Shortly after entering kindergarten, my kiddo began playing school. (I get corrected regularly, it’s not playing. Right. Not playing. Teaching school to imaginary kids in the playroom off the kitchen.) Somehow, I had the foresight to declare early on that I would not, could not, pretend to be a student. Instead, I quickly promoted myself to principal. Sometimes imaginary kids get brought to me by a pint sized teacher with a stern voice and a school photo turned ID in a leftover corporate lanyard.
Halfway through first grade, he now makes tests.
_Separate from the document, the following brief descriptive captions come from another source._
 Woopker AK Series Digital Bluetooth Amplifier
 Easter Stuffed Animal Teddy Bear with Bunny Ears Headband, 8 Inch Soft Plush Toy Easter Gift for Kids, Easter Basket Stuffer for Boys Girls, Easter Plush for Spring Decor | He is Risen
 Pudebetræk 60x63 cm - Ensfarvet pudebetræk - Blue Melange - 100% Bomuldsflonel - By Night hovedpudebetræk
Multiple choice, fill in the blank, show your work and explain how you found the answer. His tests give me a window into his school day, his interests, and his reliance on phonics over spelling. They also keep him occupied at the table while I finish making dinner.
One evening, he’s left a test for me on the kitchen counter. After bedtime, I pull out a pencil and begin answering his questions, anticipating the smile on his face when he finds the completed test at his breakfast spot the next morning.
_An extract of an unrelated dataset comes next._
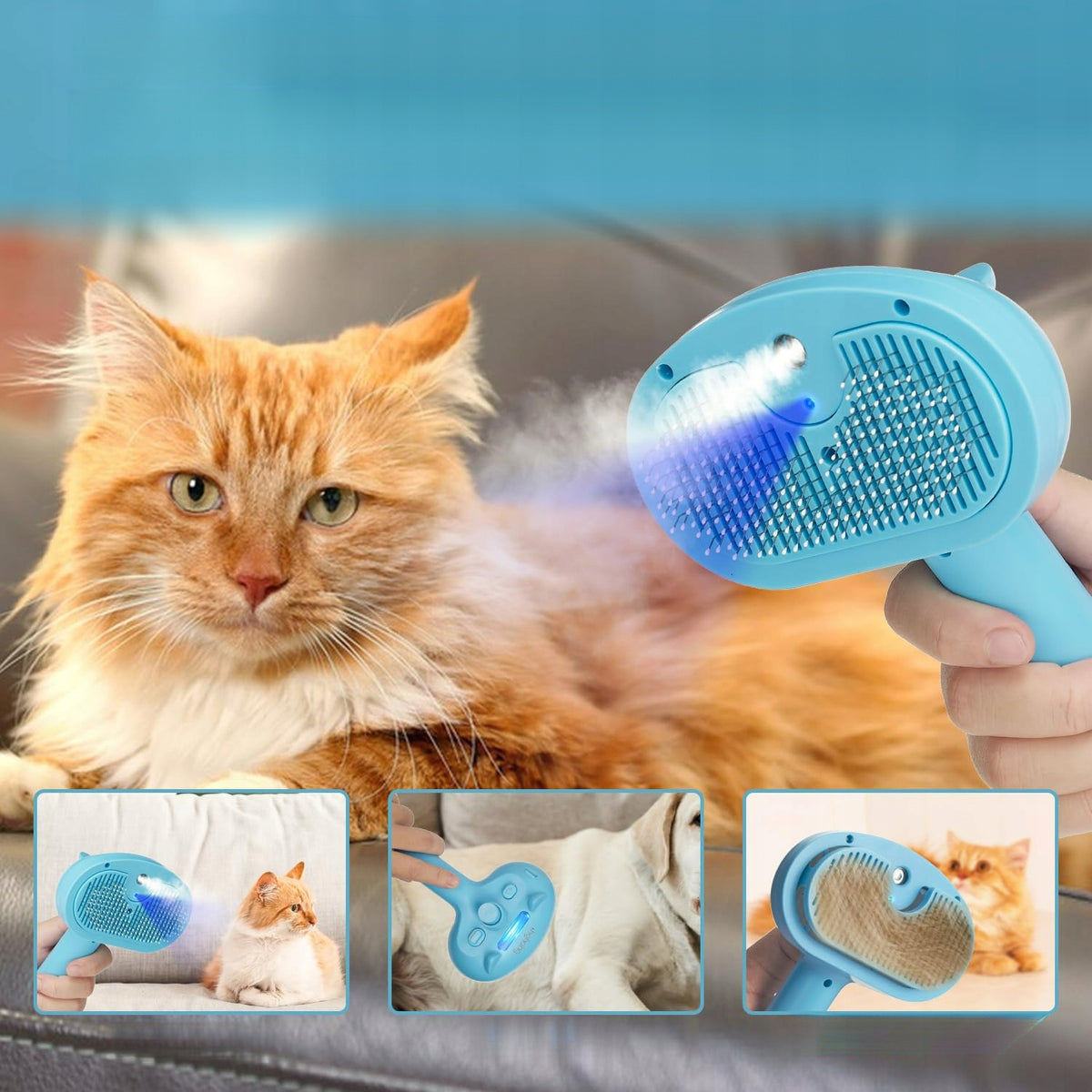 SELF-CLEANING STEAM BRUSH FOR CATS AND DOGS - BLUE LIGHT Brand no brand
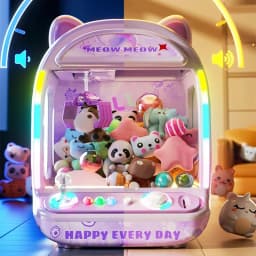 DIY Purple Automatic Doll Machine Kids Coin Operated Play Game Mini Claw Catch Toys Crane Machines Music Doll for Christmas Gift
Some of the math problems make sense. Others don’t:
Ges how old I am. Yose the code to figer out how old I am. I was bone in 2009. 6+0=__ years old.
I smile at the essay question: Why do you like ________? Explain what it maks you feal.
I consider expounding on the merits of tequila, coffee, and grown up time without children, but settle on a basic: yoga. Here is an opportunity for my kid to hear why this practice is important to me.
Turning to the last page, my heart cracks open at the final multiple choice:
How much do you love me?
My check box options are a moon, some stars, a smile, the world, one heart, and many hearts.
I search his play area for crayons. Color each choice, then check them all with a purple crayon, my favorite. And then use the rest of the page to illustrate how multiple choice doesn’t even begin to answer the question. Neither could an essay. A picture is, after all, is worth 1,000 words.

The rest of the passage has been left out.